There were 525,000 Jews in Germany (and another 185,000 in Austria, when that country was later annexed by Germany) and tens of thousands left in the years after Hitler’s 1933 ascension. The door was still open on the German side, but closing on the American side. We’re shown a headline from The New York Times (May 10, 1934): “Immigration Falls Far Below Quotas… Down to 7 Percent of Legal Limit.”

In the end, there was paper, reams of correspondence between Jews in Germany and Jews in the United States, reminding us of nothing so much as the final phone calls from the World Trade Center in which the futility verges on the romantic, but futile all the same.

The artifacts that remain are sanctified debris: a glove, a diary, a family photograph, a confirmation of a 1939 tax document for the Blau family of Vienna, since aspiring immigrants had to prove they had paid all their taxes.

Adolf Lorch, who successfully immigrated to the United States, wrote a 1934 letter to the U.S. consul in Stuttgart, Germany, on behalf of his brother Max, who lost part of his right arm but “This injury has not prevented him from carrying on his business and has in no way affected his ability to earn his living. I wish to assure you that there is no danger of my brother and his family becoming public charges.” Adolf Lorch successfully sponsored not only his brother, but also 125 others.

Four years later, Ludwig Klein wrote (Dec. 10, 1938): “Unfortunately things aren’t moving that fast, even if you have the best of papers. At present, the American consulate in Stuttgart is being besieged to such an extent that only those with [a] waiting number under 7,000 are being admitted to the building. We ourselves are number 22,345 and inasmuch as the consulate issues only 11,000 visas per year, you can figure for yourself…”

Four years later, he was in Auschwitz.

The exhibit, mostly examining activity pre-Pearl Harbor, might have included, but doesn’t, the work of writer Ben Hecht who joined Peter Bergson’s ad hoc rescue group three months before the U.S. entered the war.
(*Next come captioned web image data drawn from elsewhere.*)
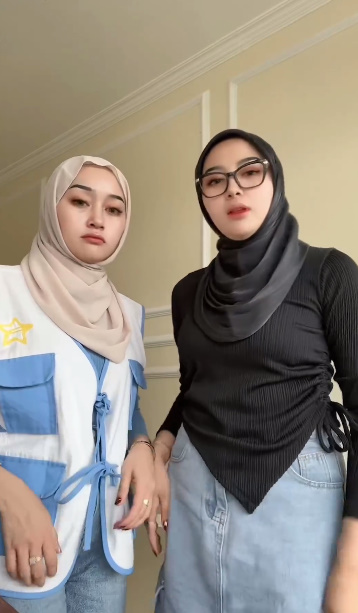 looking makes it hot_123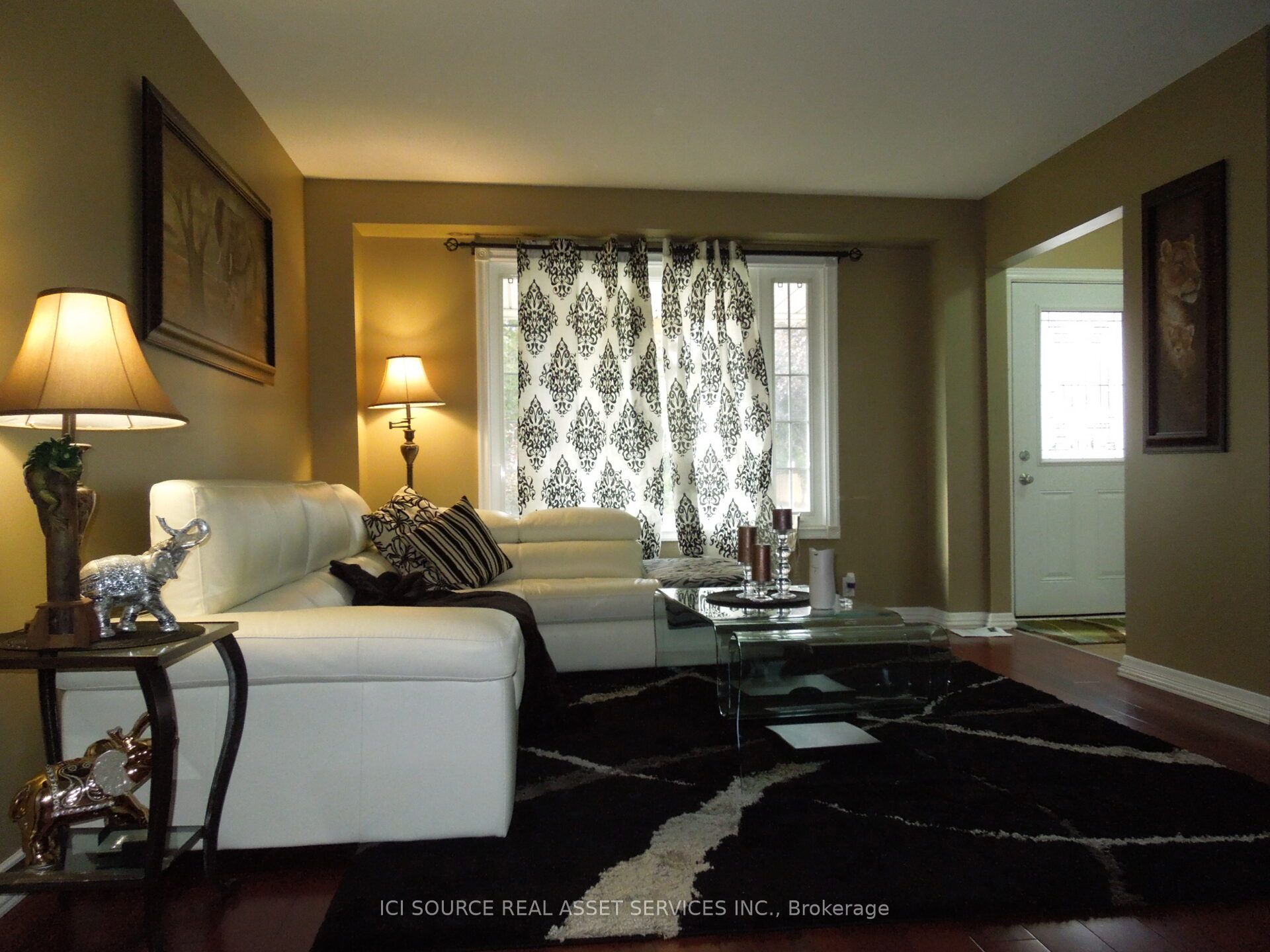 129 Ormond Drive Property Photo 3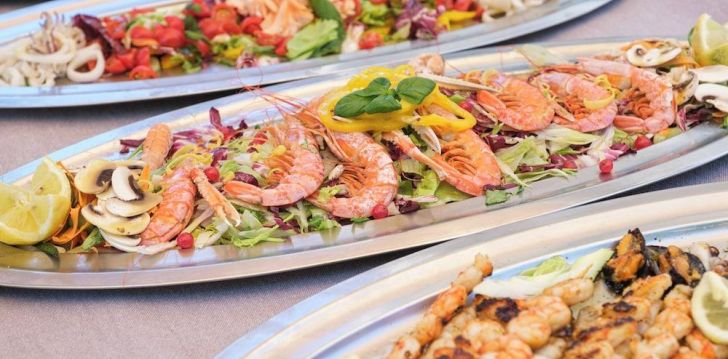 Tavęs laukia poilsis Italija įsikūrusiame HOTEL CARLTON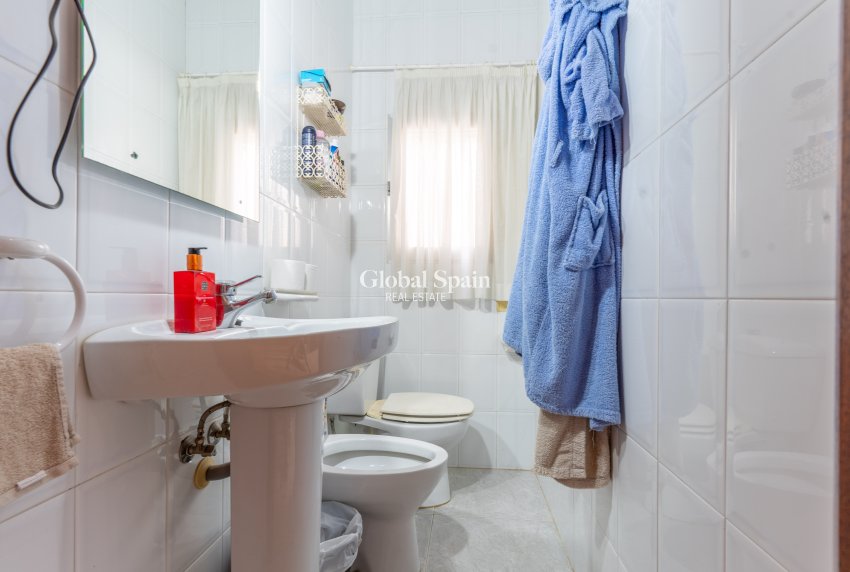 Revente - MAISON -
PILAR DE LA HORADADA - Pinar de Campoverde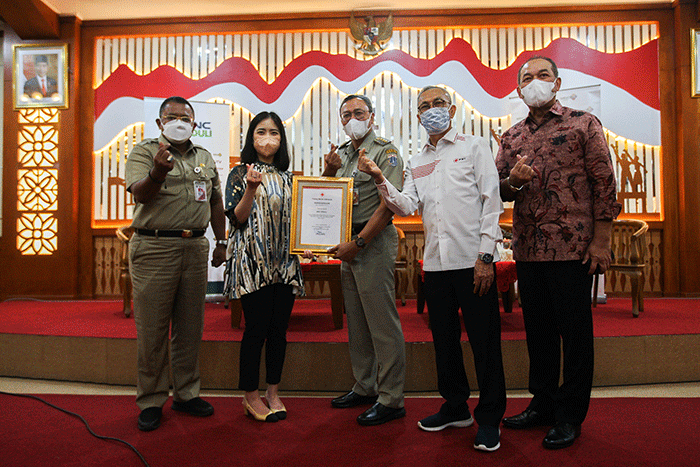 Serah terima bantuan dana bulanan PMI di Kantor Wali Kota Jakarta Pusat, Senin (22/8/2022).
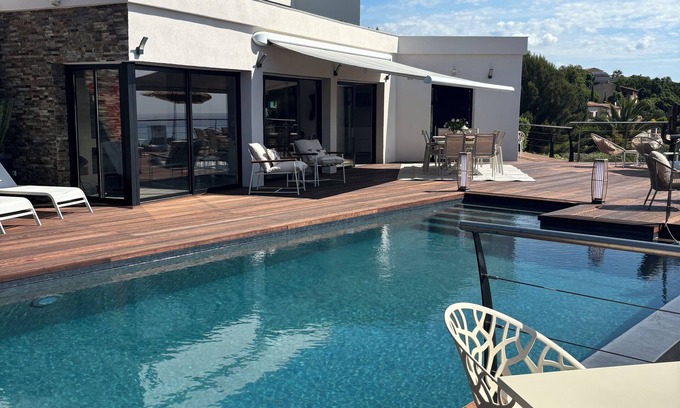 Roquebrune-sur-Argens House | Villa Dido contemporaine pleine vue mer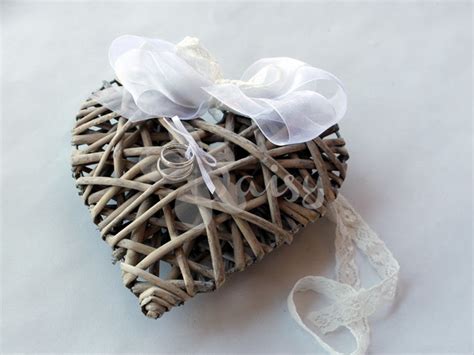 Noi ne abbiamo individuati 50, sfogliate la gallery e ricercate la migliore ispirazione per il vostro matrimonio originale e creativo! Daisy Handmade: Cuscino portafedi: cuore di legno intrecciato
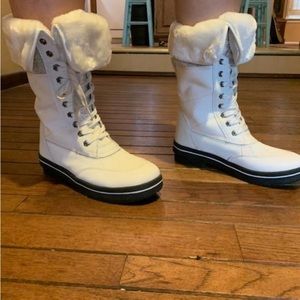 White snow boots excellent condition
Hecht went on to script Hollywood pageants on the Jewish crisis that twice sold-out Madison Square Garden; authored articles for widely read magazines on what would be the likely fate of Europe’s Jews if they were not rescued; and placed full-page ads in The New York Times, such as one headlined, “For Sale To Humanity: 70,000 Jews – Guaranteed Human Beings At $59 A Piece.” Hecht’s pro-refugee work only underscored the absence of such creativity in the 1930s when rescue was more possible.

In the 1930s, “Although American Jews were sympathetic to the plight of Germany’s Jews,” reports the exhibit, “they were divided about how to respond to the refugee crisis. Some Jewish leaders urged the government to loosen quota restrictions and lobbied for more liberal immigration laws. But more cautious voices prevailed.”

Roosevelt’s White House consul, Samuel Rosenman, a leading member of the American Jewish Committee, is quoted: “I do not believe it is either desirable or practicable to recommend any change in the quota provision of our immigration law.”

In contrast to Rosenman’s chin-stroking sobriety in Washington, over in Vienna a Jewish composer, Erich Zeisl and his wife Gertrude, smelled death in the air. Who would help them? They didn’t know a soul in America. They somehow got a hold of a New York telephone directory and went through every “Z” in the book until — yes! — Zeisl! They wrote to him. Morris Zeisl, a plumber in New York, was not a relative but he was a Jew. The kind of Jew who clearly felt that every Jew was a piece of his soul. Morris wrote back, “I am doing everything within my power to help you…”

We see the letter from Morris to the Zeisls of Austria, and we’re shown his affidavit supporting not only their immigration but for Gertrude’s mother and Erich’s brother. It was Sept. 20, 1938, a few days before Rosh HaShanah, less than two months before every shul in Vienna would burn.

The Zeisls left for America, but not before posing for a final photograph that now sits in this exhibit. What beautiful faces. Erich and Gertrude posing next to her mother, and Hilde, who worked in the mother’s jewelry business.

They hadn’t known a soul in America, but there were souls in America, such as Morris.